- _Web page caption snippets_
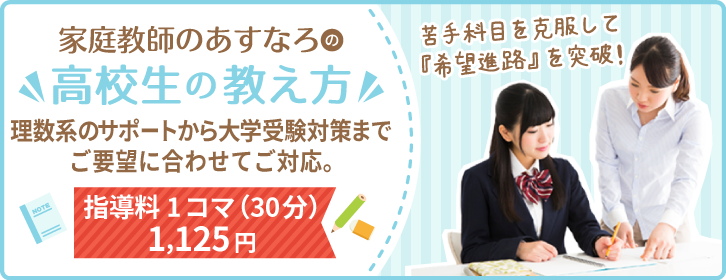 家庭教師のあすなろの高校生の教え方。理数系から大学受験対策までご要望に合わせてご対応。指導料1コマ（30分）1,125円。苦手科目を克服して『希望進路』を突破！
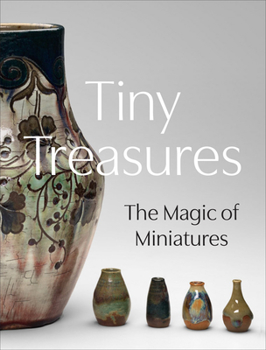 Hardcover Tiny Treasures: The Magic of Miniatures Book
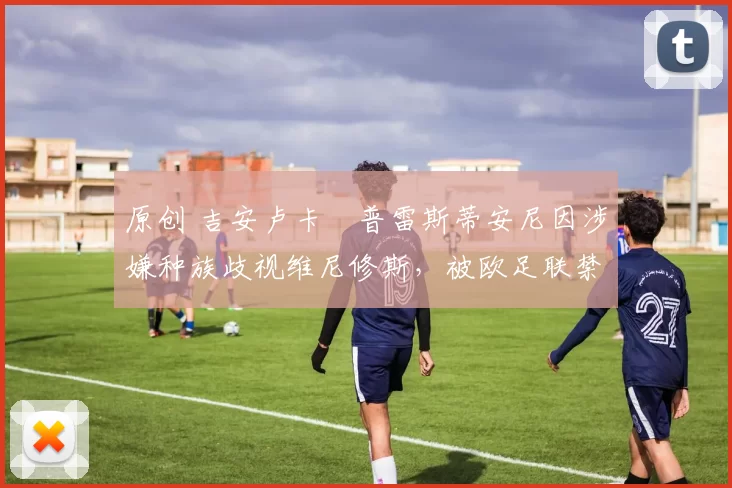 原创 吉安卢卡・普雷斯蒂安尼因涉嫌种族歧视维尼修斯，被欧足联禁赛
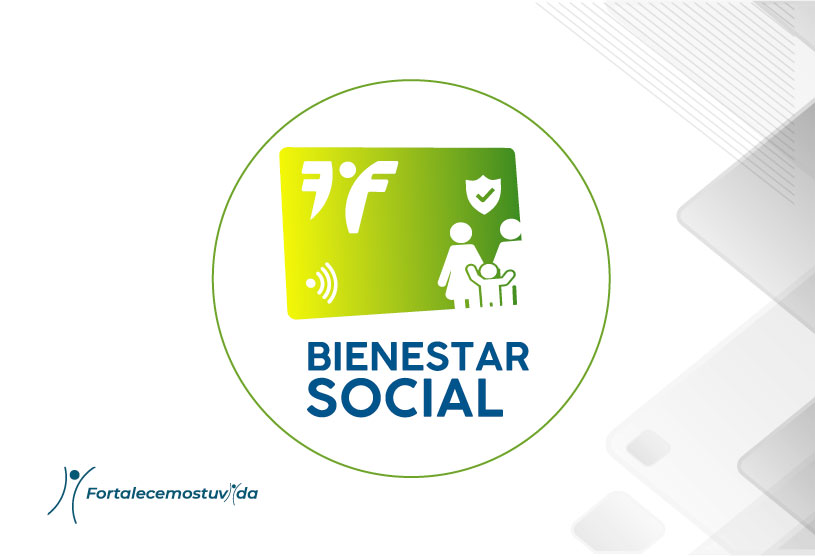 Bienestar social -  fortalecer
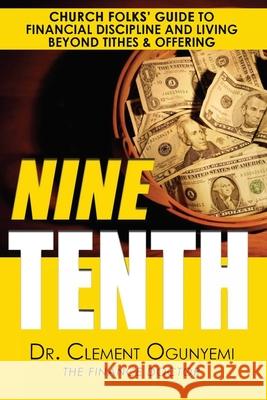 Nine Tenth: Church Folks' Guide to Financial Discipline and Living Beyond Tithes & Offering Clement O. Ogunyemi 9780578551067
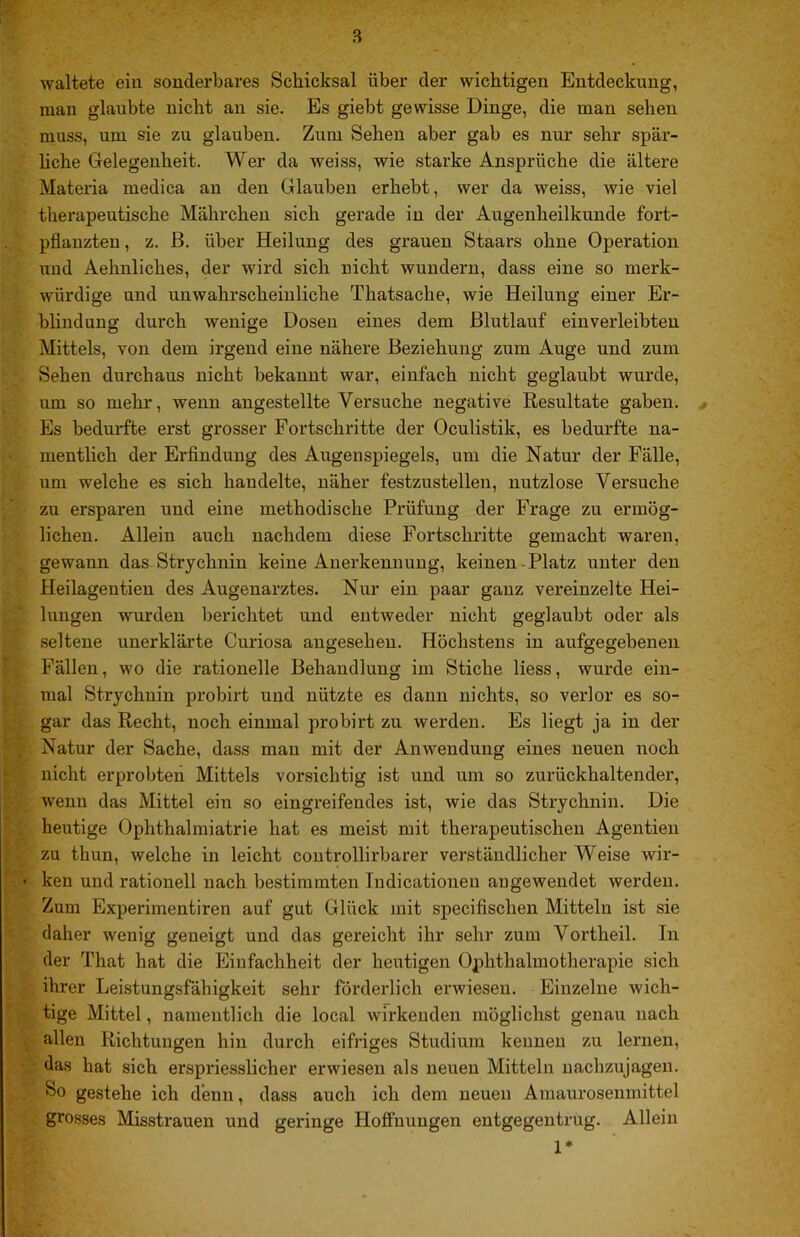 waltete eiu sonderbares Schicksal über der wichtigen Entdeckung, man glaubte nicht an sie. Es giebt gewisse Dinge, die man sehen muss, um sie zu glauben. Zum Sehen aber gab es nur sehr spär- hche Gelegenheit. Wer da weiss, wie starke Ansprüche die ältere Materia medica an den Glauben erhebt, wer da weiss, wie viel therapeutische Mährchen sich gerade in der Augenheilkunde fort- pflanzteu, z. ß. über Heilung des grauen Staars ohne Operation und Aehnliches, der wird sich nicht wundern, dass eine so merk- würdige und unwahrscheinliche Thatsache, wie Heilung einer Er- bhndung durch wenige Doseu eines dem Blutlauf einverleibten Mittels, von dem irgend eine nähere Beziehung zum Auge und zum Sehen durchaus nicht bekannt war, einfach nicht geglaubt wurde, um so mehr, wenn angestellte Versuche negative Resultate gaben. , Es bedurfte erst grosser Fortschritte der Oculistik, es bedurfte na- mentlich der Erfindung des Augenspiegels, um die Natur der Fälle, um welche es sich handelte, näher festzustelleu, nutzlose Versuche zu ersparen und eine methodische Prüfung der Frage zu ermög- lichen. Allein auch nachdem diese Fortschritte gemacht waren, gewann das* Strychnin keine Anerkennung, keinen-Platz unter den Heilagentien des Augenarztes. Nur ein paar ganz vereinzelte Hei- lungen wurden berichtet und entweder nicht geglaubt oder als seltene unerklärte Curiosa angesehen. Höchstens in aufgegebenen Fällen, wo die rationelle Behandlung im Stiche Hess, wurde ein- mal Strychnin probirt und nützte es dann nichts, so verlor es so- gar das Recht, noch einmal probirt zu werden. Es liegt ja in der Natur der Sache, dass mau mit der Anwendung eines neuen noch nicht erprobten Mittels vorsichtig ist und um so zurückhaltender, wenn das Mittel ein so eingreifendes ist, wie das Strychnin. Die heutige Ophthalmiatrie hat es meist mit therapeutischen Agentieu zu thun, welche in leicht coutrollirbarer verständlicher Weise wir- ken und rationell nach bestimmten ludicationen augeweudet werden. Zum Experimentiren auf gut Glück mit specifischen Mitteln ist sie daher wenig geneigt und das gereicht ihr sehr zum Vortheil. In der That hat die Einfachheit der heutigen Ophthalmotherapie sich ihrer Leistungsfähigkeit sehr förderlich erwiesen. Einzelne wich- tige Mittel, namentlich die local wirkenden möglichst genau nach allen Richtungen hin durch eifriges Studium kennen zu lernen, das hat sich erspriesslicher erwiesen als neuen Mitteln uachzujagen. So gestehe ich denn, dass auch ich dem neuen Amaurosenmittel grosses Misstrauen und geringe Hoffnungen entgegentrug. Allein 1*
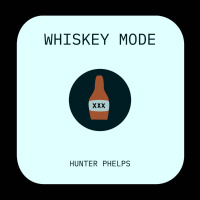 Whiskey Mode專輯_Hunter PhelpsWhiskey Mode最新專輯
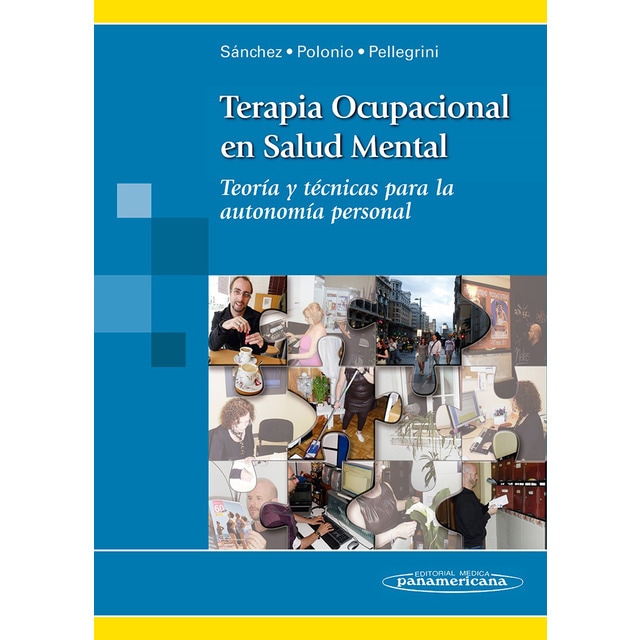 Imagem 0 de Terapia Ocupacional Salud Mental: Teoría y Técnicas para la autonomía personal (Capa mole)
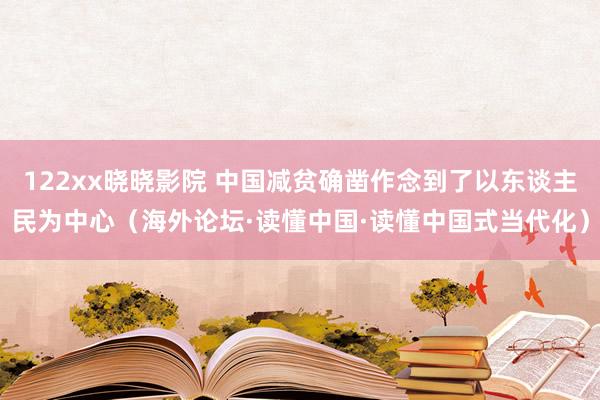 122xx晓晓影院 中国减贫确凿作念到了以东谈主民为中心（海外论坛·读懂中国·读懂中国式当代化）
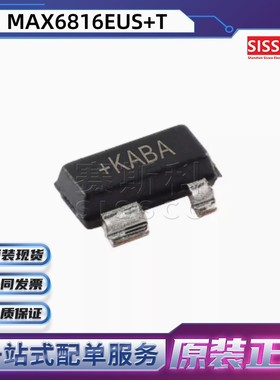 MAX6816EUS+T 源头渠道 原装正品 价优 当天发 配单 MAX6817EUT+T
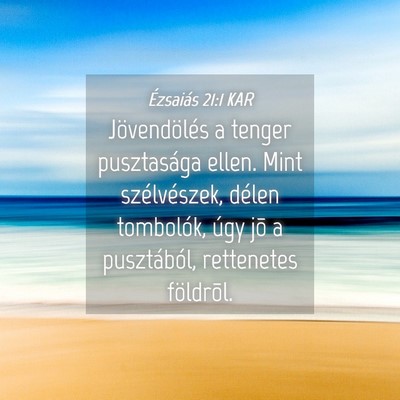 Picture 04 - Ézsaiás 21:1 KAR - Jövendölés a tenger pusztasága ellen. Mint - Bible Verse Picture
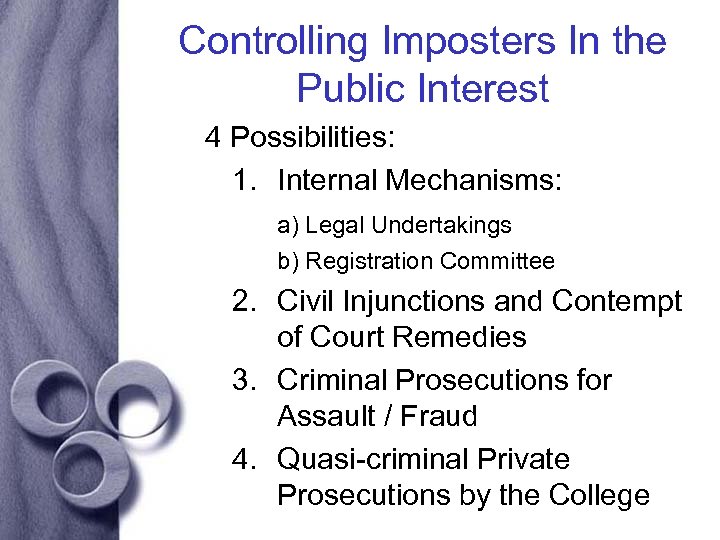Controlling Imposters In the Public Interest 4 Possibilities: 1. Internal Mechanisms: a) Legal Undertakings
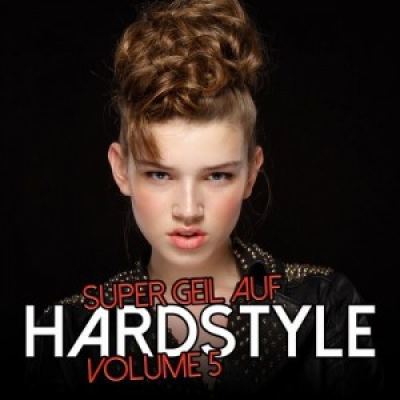 VA - Super Geil Auf Hardstyle Vol 5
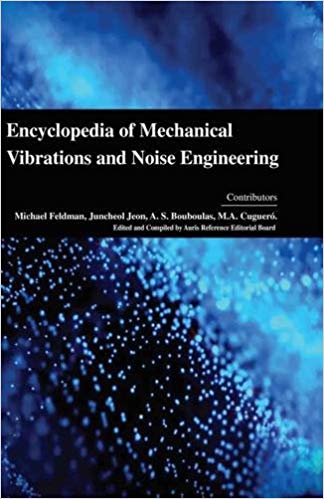 Encyclopaedia of Mechanical Vibrations and Noise Engineering 4 Vols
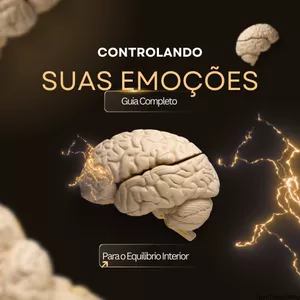 Imagem de capa para o Ebook Controlando Suas Emoções: Guia Completo Para o Equilíbrio Interior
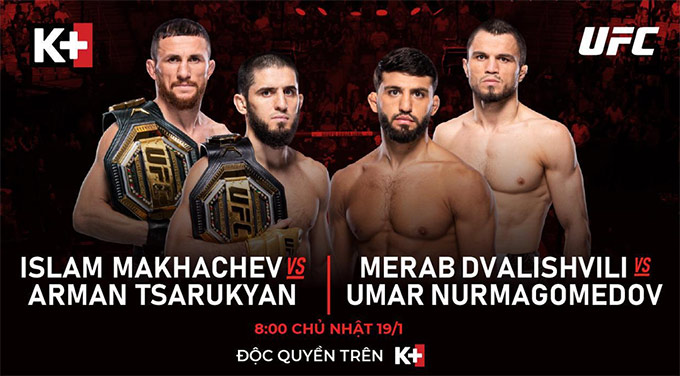 UFC 311: Makhachev vs Tsarukyan độc quyền trên K+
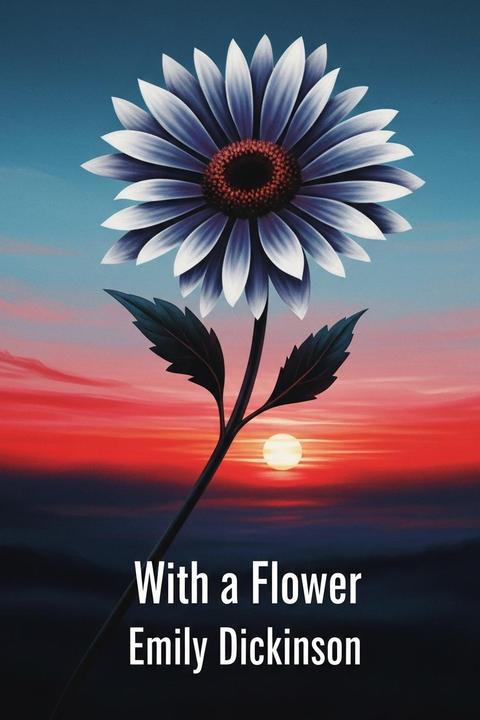 With a Flower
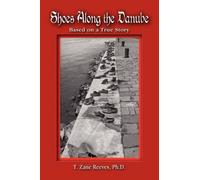 T Zane Reeves Shoes Along the Danube (Tascabile)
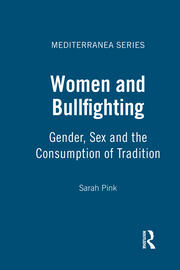 Women and Bullfighting: Gender, Sex and the Consumption of Tradition book cover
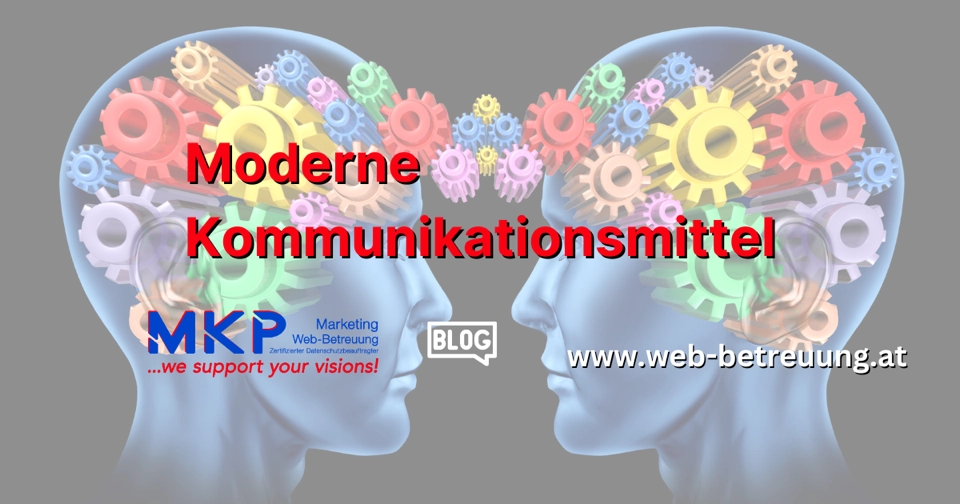 MKP Marketing & Web-Betreuung | Blog | moderne Kommunikationsmittel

- _Exercise_
Of the entries above, print exactly those lines that run from the one containing "Picture 04 - Ézsaiás" through the last line, excluding any pictures.

- _Response to this task_
 Picture 04 - Ézsaiás 21:1 KAR - Jövendölés a tenger pusztasága ellen. Mint - Bible Verse Picture
Controlling Imposters In the Public Interest 4 Possibilities: 1. Internal Mechanisms: a) Legal Undertakings
 VA - Super Geil Auf Hardstyle Vol 5
 Encyclopaedia of Mechanical Vibrations and Noise Engineering 4 Vols
 Imagem de capa para o Ebook Controlando Suas Emoções: Guia Completo Para o Equilíbrio Interior
 UFC 311: Makhachev vs Tsarukyan độc quyền trên K+
 With a Flower
 T Zane Reeves Shoes Along the Danube (Tascabile)
 Women and Bullfighting: Gender, Sex and the Consumption of Tradition book cover
 MKP Marketing & Web-Betreuung | Blog | moderne Kommunikationsmittel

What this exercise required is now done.